[Opening Source records section]

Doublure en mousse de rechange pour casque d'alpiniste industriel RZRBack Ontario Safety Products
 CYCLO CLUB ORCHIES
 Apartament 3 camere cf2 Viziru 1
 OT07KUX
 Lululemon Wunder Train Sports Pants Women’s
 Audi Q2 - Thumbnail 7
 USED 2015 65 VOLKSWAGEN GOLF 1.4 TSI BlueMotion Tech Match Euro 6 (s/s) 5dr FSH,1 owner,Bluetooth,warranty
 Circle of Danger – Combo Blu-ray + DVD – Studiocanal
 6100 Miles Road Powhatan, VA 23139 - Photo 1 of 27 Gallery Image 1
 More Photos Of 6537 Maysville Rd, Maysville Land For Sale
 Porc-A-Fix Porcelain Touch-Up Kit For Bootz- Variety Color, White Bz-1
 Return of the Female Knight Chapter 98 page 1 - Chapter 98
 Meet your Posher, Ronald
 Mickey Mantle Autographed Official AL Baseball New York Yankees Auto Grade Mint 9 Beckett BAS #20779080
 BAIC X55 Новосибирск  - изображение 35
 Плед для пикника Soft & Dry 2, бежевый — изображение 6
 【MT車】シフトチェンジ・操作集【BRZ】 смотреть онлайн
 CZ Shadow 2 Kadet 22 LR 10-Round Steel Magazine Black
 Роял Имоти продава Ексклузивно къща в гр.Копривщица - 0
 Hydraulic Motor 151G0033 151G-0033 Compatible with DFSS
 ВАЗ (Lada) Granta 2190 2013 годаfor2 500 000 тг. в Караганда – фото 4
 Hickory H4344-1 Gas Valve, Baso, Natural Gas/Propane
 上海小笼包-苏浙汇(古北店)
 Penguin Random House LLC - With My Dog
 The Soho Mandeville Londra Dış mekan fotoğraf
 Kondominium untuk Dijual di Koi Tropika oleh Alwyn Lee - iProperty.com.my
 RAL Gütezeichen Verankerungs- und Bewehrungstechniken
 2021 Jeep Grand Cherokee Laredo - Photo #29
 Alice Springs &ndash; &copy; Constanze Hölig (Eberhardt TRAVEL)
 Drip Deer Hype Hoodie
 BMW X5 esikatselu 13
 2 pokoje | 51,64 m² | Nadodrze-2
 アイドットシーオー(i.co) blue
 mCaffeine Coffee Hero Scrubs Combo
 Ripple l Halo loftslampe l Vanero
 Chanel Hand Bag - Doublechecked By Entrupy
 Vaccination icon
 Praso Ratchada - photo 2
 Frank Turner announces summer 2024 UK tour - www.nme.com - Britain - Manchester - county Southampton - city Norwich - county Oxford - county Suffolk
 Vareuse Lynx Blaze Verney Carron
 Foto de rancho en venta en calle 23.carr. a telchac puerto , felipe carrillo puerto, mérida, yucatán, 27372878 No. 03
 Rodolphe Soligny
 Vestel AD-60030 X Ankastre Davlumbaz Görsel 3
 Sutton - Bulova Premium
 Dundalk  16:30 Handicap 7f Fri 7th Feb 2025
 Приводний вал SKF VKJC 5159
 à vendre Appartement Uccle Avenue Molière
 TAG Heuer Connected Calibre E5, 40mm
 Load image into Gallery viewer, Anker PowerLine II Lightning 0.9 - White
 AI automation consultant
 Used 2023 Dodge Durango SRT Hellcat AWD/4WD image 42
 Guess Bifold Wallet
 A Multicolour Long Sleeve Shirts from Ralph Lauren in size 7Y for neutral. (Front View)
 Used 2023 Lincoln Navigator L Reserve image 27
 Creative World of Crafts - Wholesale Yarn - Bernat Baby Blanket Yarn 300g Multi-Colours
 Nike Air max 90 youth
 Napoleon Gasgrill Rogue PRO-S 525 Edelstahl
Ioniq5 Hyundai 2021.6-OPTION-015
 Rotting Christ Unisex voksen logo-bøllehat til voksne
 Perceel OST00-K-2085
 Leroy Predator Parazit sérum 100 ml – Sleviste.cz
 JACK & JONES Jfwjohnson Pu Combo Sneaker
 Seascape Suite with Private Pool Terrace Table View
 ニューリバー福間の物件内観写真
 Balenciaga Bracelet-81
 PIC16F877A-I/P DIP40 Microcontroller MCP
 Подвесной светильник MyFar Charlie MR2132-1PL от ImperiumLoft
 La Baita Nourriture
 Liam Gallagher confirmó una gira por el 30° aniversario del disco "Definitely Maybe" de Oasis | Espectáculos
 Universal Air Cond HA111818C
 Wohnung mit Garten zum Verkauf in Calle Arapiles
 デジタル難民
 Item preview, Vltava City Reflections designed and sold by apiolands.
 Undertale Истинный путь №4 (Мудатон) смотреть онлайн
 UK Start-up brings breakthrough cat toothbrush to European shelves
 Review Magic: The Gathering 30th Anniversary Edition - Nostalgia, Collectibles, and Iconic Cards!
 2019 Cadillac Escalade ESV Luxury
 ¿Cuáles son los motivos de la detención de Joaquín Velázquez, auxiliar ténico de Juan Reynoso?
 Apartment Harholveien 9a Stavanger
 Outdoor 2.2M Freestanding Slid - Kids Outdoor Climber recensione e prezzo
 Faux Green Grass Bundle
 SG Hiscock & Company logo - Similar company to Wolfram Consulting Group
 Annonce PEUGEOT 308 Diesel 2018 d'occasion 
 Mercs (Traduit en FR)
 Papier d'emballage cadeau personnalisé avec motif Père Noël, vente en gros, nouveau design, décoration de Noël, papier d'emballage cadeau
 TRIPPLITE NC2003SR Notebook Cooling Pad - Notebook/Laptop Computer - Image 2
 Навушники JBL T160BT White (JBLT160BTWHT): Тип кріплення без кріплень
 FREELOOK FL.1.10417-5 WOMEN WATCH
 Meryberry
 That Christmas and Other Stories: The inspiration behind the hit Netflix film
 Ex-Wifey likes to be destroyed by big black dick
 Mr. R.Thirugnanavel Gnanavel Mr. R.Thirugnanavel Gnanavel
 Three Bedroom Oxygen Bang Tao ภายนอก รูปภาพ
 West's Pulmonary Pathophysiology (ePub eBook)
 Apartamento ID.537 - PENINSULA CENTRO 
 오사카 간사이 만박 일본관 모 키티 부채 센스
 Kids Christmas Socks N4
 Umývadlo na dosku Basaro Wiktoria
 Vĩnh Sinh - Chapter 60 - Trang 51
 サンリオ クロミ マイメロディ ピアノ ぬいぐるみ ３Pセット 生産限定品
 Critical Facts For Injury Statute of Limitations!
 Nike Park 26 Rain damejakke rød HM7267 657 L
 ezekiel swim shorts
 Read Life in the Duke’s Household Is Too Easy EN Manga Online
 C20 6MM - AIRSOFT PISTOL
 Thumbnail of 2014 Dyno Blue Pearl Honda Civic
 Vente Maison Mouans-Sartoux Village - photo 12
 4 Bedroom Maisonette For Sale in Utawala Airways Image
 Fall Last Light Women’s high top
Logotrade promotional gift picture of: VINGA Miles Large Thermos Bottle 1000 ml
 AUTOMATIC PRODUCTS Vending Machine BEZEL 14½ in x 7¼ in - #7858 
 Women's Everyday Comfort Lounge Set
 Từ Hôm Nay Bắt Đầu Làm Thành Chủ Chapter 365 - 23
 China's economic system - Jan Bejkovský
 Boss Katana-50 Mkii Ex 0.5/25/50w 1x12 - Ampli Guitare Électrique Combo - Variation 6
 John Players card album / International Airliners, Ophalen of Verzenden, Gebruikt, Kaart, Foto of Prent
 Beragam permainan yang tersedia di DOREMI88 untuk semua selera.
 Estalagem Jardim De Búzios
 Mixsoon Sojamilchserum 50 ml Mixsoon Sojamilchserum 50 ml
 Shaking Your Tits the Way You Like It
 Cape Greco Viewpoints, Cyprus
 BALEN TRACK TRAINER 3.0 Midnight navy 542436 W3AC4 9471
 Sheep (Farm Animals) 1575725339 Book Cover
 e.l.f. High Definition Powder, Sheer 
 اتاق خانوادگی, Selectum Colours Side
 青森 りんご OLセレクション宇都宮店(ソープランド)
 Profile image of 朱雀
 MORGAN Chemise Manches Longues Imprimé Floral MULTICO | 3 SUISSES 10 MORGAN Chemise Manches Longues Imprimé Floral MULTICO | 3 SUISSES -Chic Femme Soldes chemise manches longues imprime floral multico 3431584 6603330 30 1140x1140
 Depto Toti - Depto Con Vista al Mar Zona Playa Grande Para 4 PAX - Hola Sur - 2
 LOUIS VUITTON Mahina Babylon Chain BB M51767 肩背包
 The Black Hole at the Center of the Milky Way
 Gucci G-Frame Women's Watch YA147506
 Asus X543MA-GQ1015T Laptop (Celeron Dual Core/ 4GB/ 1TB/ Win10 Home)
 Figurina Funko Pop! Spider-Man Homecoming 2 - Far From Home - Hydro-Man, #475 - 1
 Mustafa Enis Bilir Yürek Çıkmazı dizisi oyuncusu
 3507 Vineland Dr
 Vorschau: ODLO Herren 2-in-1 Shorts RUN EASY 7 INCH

[Closing Source records section]

> **Description of the task**: Please transcribe exactly the lines above from the line that has "Apartment Harholveien 9a Stavanger" up to and including the line that has "Ex-Wifey likes to"; no other line belongs in the answer.

> **Response to the exercise**:
 Apartment Harholveien 9a Stavanger
 Outdoor 2.2M Freestanding Slid - Kids Outdoor Climber recensione e prezzo
 Faux Green Grass Bundle
 SG Hiscock & Company logo - Similar company to Wolfram Consulting Group
 Annonce PEUGEOT 308 Diesel 2018 d'occasion 
 Mercs (Traduit en FR)
 Papier d'emballage cadeau personnalisé avec motif Père Noël, vente en gros, nouveau design, décoration de Noël, papier d'emballage cadeau
 TRIPPLITE NC2003SR Notebook Cooling Pad - Notebook/Laptop Computer - Image 2
 Навушники JBL T160BT White (JBLT160BTWHT): Тип кріплення без кріплень
 FREELOOK FL.1.10417-5 WOMEN WATCH
 Meryberry
 That Christmas and Other Stories: The inspiration behind the hit Netflix film
 Ex-Wifey likes to be destroyed by big black dick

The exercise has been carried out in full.